**COLLECTED MATERIAL**
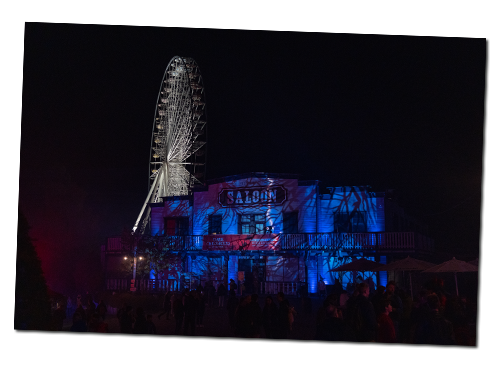 In der Dunkelheit sehen das Riesenrad und der Saloon mit Beleuchtung beeindruckend aus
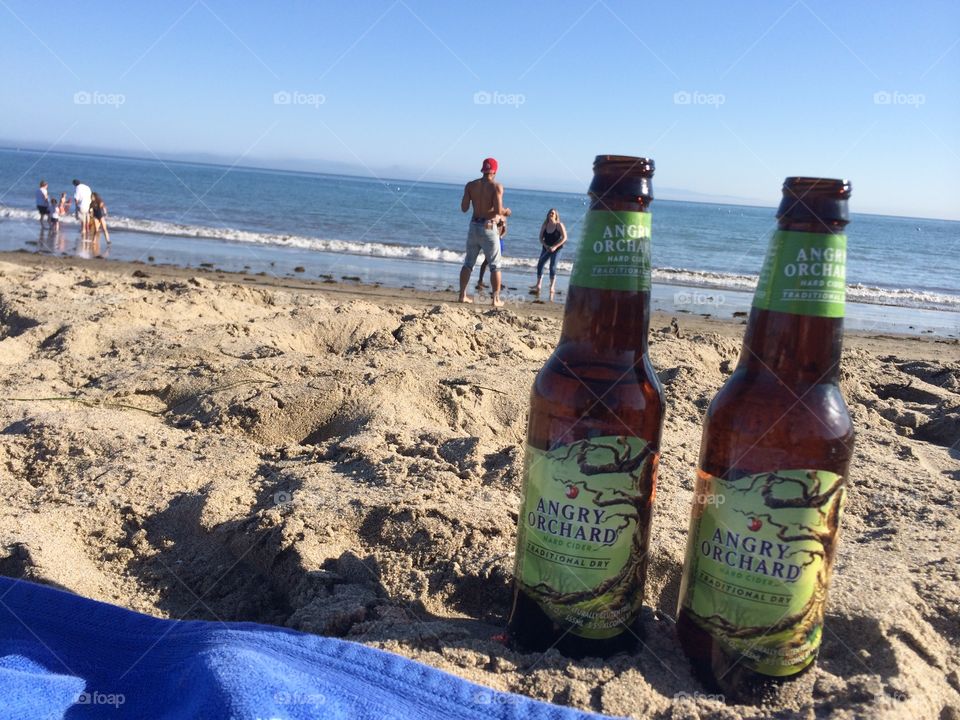 Have an angry orchard or two before playing in the waves of the ocean. 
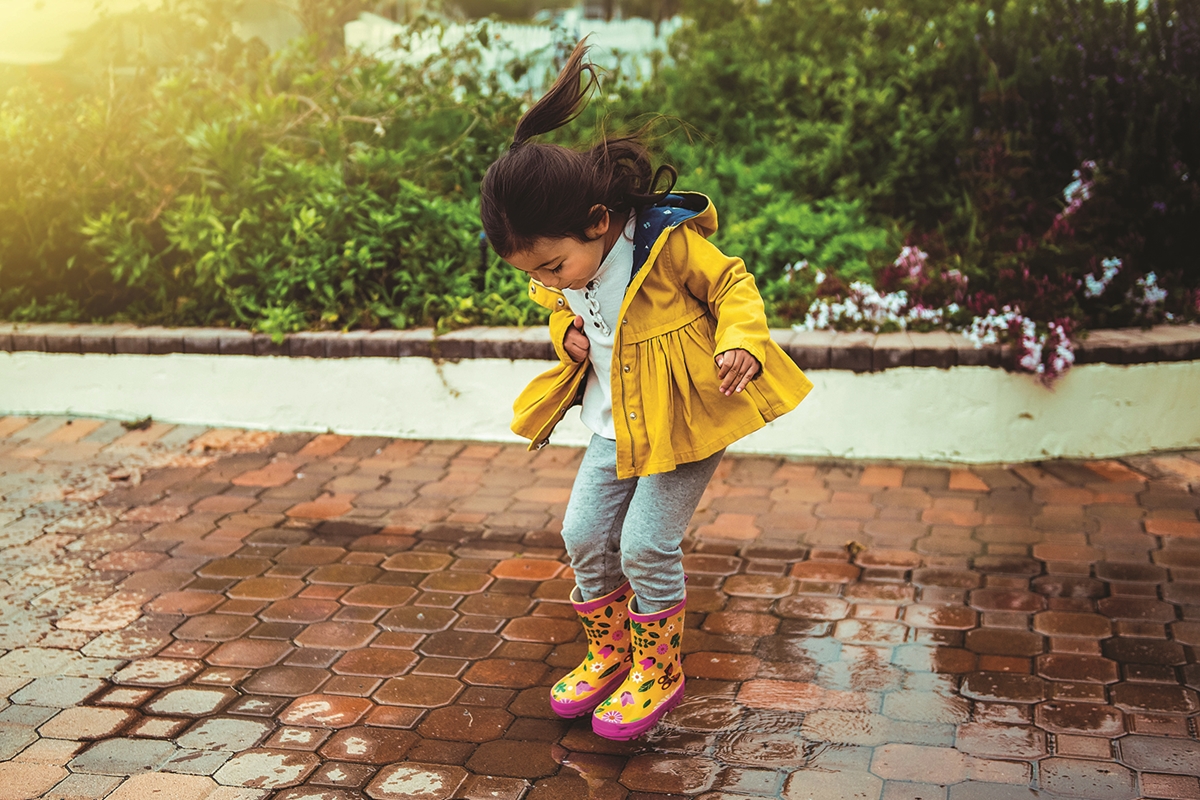 A child enjoys splashing in puddles as rainy skies begin to clear, signaling improving weather conditions for the remainder of the week.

**ACTIVITY**
Return the listing above word for word, with the pictures removed.

**SOLUTION TO THIS PROBLEM**
 In der Dunkelheit sehen das Riesenrad und der Saloon mit Beleuchtung beeindruckend aus
 Have an angry orchard or two before playing in the waves of the ocean. 
 A child enjoys splashing in puddles as rainy skies begin to clear, signaling improving weather conditions for the remainder of the week.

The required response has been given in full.